На третий день к нему приехала Маша Сивашева, и он обрадовался ее приезду, как мог бы обрадоваться человек, замерзающий в проруби, потерявший всякую надежду на спасение и вдруг увидевший перед собой людей, теплую печку, еду.
– Маша, Машенька! – Кирилл кинулся ей навстречу и, забыв о том, что он глава коммуны, сжал Машины плечи и, не отрываясь от ее теплых глаз, затряс ее. – Вот хорошо-то… вот хорошо-то!.. Ну, пойдем… Я не могу здесь больше…
– Стервюга!.. стервюга!.. А-а-а!.. – завизжала им вслед Улька и опустилась на крыльцо квартирки. – Увела… сука… Увела…
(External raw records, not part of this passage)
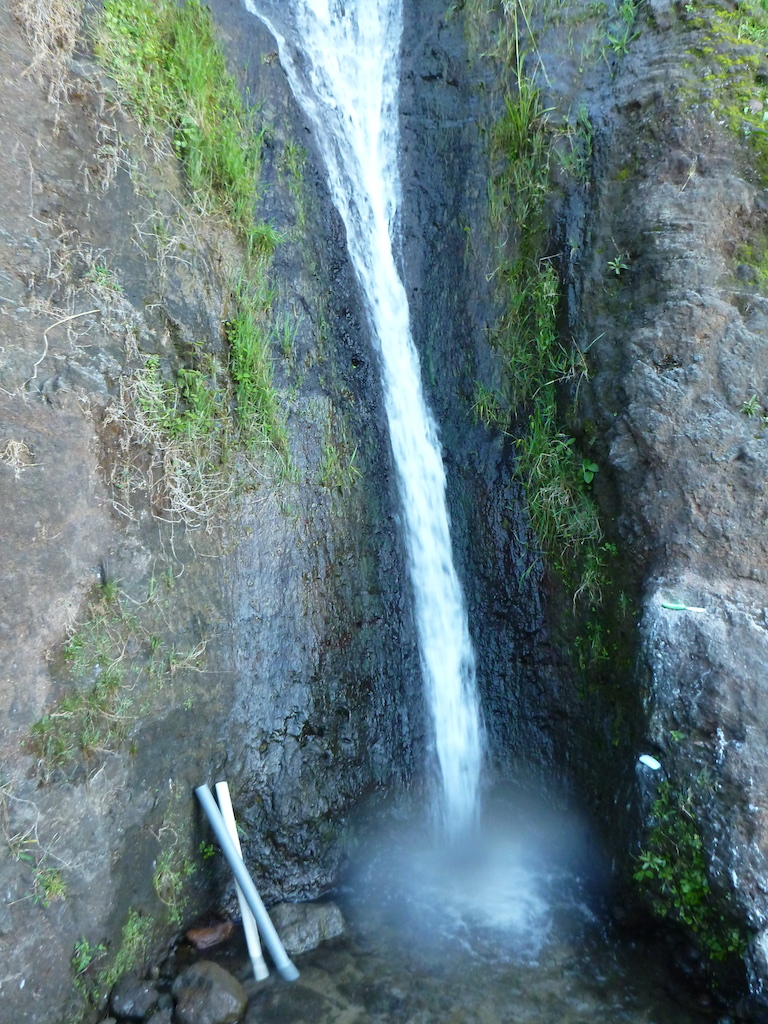 Kauai, Napali, Coast, Shower, Waterfall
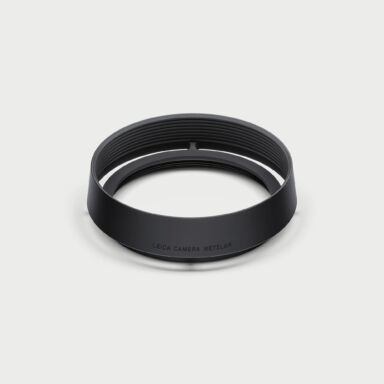 Leica Lens Hood Q3 Round Black Leica Lens Hood Q3 Round Black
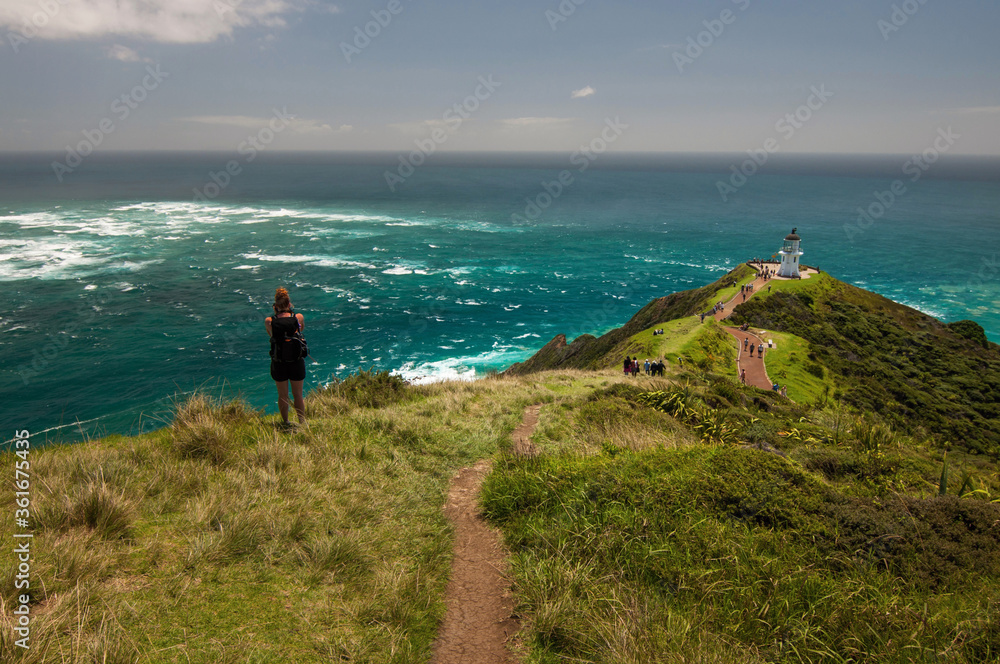 Northernmost Cape Reinga view, New Zealand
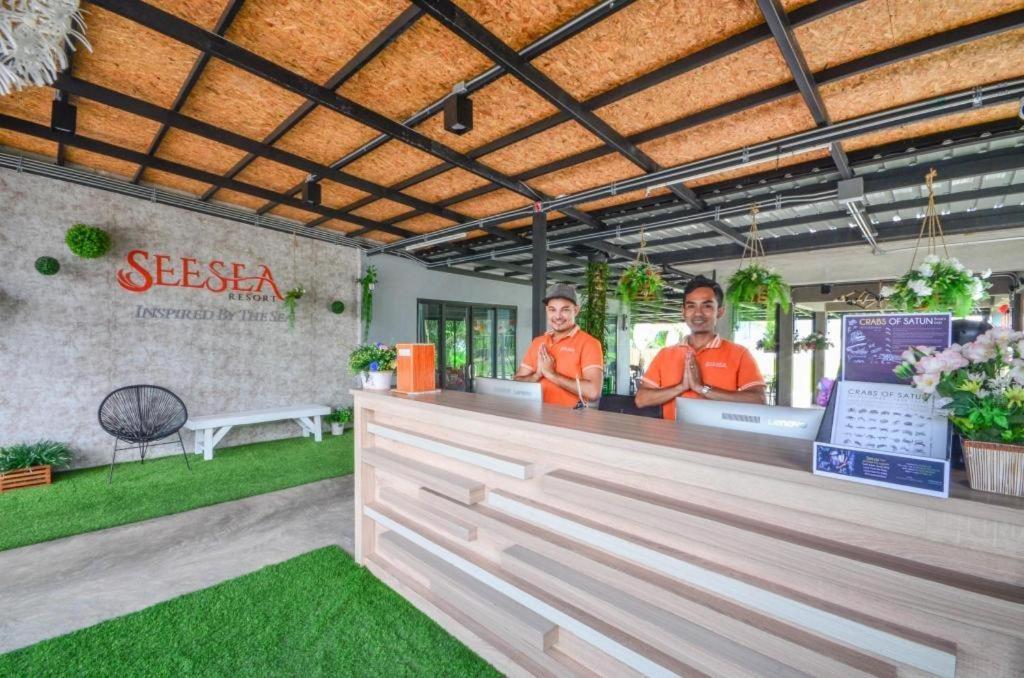 Seesea Resort Satun Exterior foto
Они уже бежали за Вонючим затоном, спустились в Гремучий дол, когда Маша сказала:
– Ух… Шагаешь же ты… как верблюд.
– Да? – спросил он и задержался.
– Присядем… – она опустилась на желтоватую траву под кустом орешника. – Затравили тебя. И ты все-таки прав. Прав ты в том, что экономика обгоняет культурный рост человека и человек остается черным тараканом. Люди еще старые – паршивые. Но от этого не следует падать духом. Надо полюбить их – забитых, паршивых, дрянных… иначе не перестроишь их. А ты сорвался. Ты обозлился. Против кого? Ах, Кирилл, Кирилл! Если бы все они были настоящие коммунисты, то здесь делать нечего было бы: они и без тебя бы обошлись.
– Маша! Маша!.. – сказал Кирилл Ждаркин и, плача, уткнулся головой ей в колени.
– Ну вот… ну вот, чудачок какой… А еще член Всесоюзного Центрального Комитета. Нет, ты перестань… а то ведь и я… Перестань, говорю! – вскрикнула Маша и провела рукой по его голове от шеи к макушке.
А когда они шли обратно, то за Вонючим затоном, в начале парка, наткнулись на Яшку и Стешку.
– Сюда, – Кирилл потянул Машу, и они скрылись за деревьями, невольно прислушались.